* _GOAL OF THE EXERCISE_
Take the records below and set down exactly the lines from the one with "Item preview, Wired" to the one with "New Balance Sneaker U9060ccc Rich Oak In Red", ends included; do not copy the pictures.

* _SOURCE MATERIAL_
——————

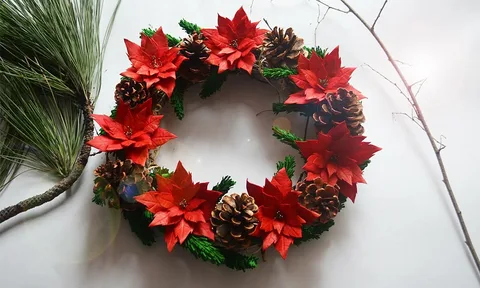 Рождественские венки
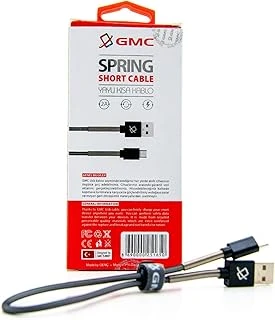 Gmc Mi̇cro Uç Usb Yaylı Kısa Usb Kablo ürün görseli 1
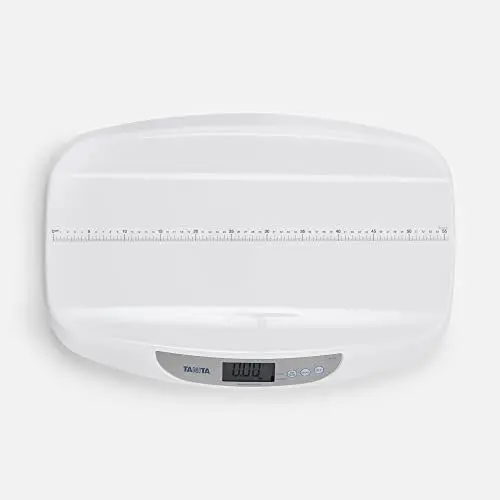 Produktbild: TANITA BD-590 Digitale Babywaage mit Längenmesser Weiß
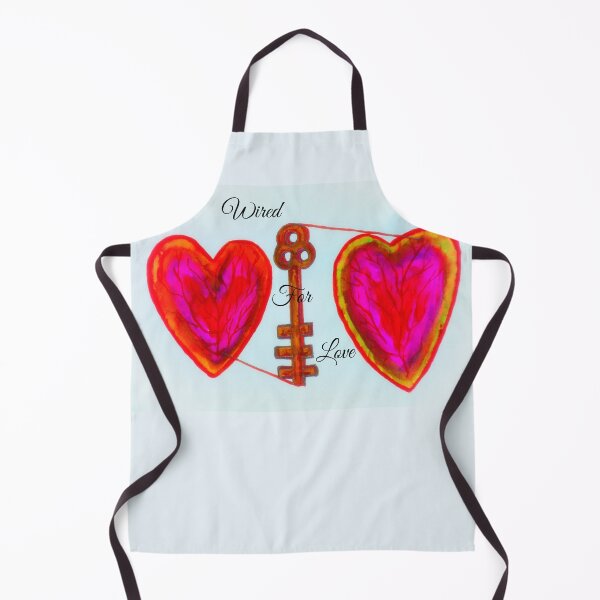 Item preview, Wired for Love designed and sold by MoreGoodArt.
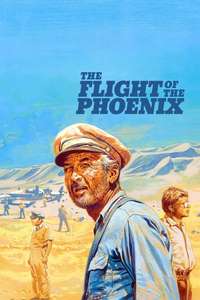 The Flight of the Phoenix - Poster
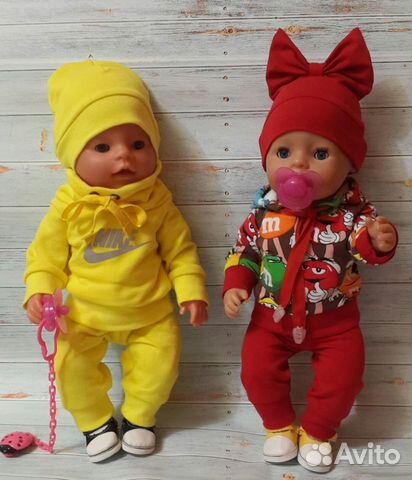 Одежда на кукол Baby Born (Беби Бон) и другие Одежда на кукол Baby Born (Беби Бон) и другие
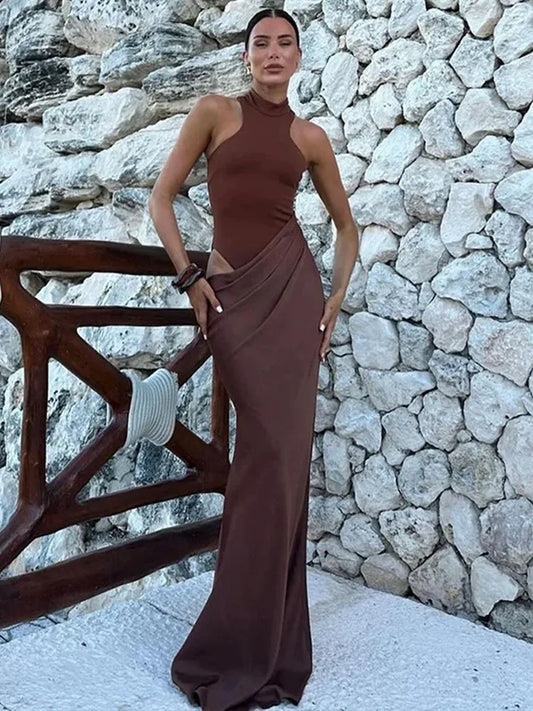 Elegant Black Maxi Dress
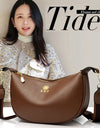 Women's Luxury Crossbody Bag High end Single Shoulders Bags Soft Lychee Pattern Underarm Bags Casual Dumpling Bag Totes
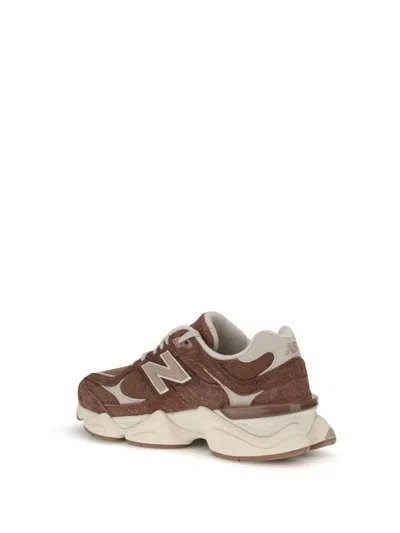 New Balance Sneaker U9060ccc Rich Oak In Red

——————

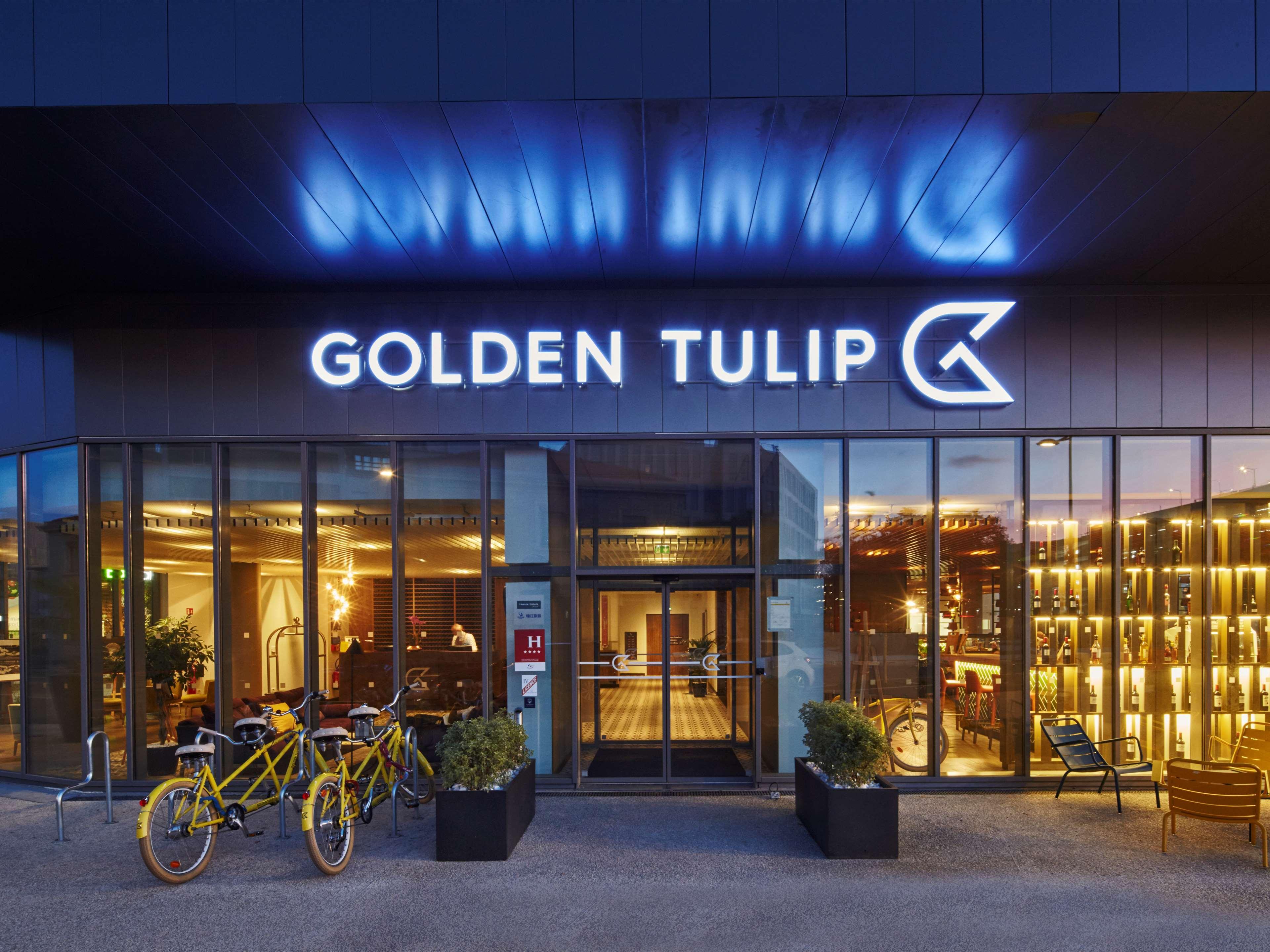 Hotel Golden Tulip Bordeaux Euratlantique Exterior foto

——————

* _SOLVED EXERCISE_
 Item preview, Wired for Love designed and sold by MoreGoodArt.
 The Flight of the Phoenix - Poster
 Одежда на кукол Baby Born (Беби Бон) и другие Одежда на кукол Baby Born (Беби Бон) и другие
 Elegant Black Maxi Dress
 Women's Luxury Crossbody Bag High end Single Shoulders Bags Soft Lychee Pattern Underarm Bags Casual Dumpling Bag Totes
 New Balance Sneaker U9060ccc Rich Oak In Red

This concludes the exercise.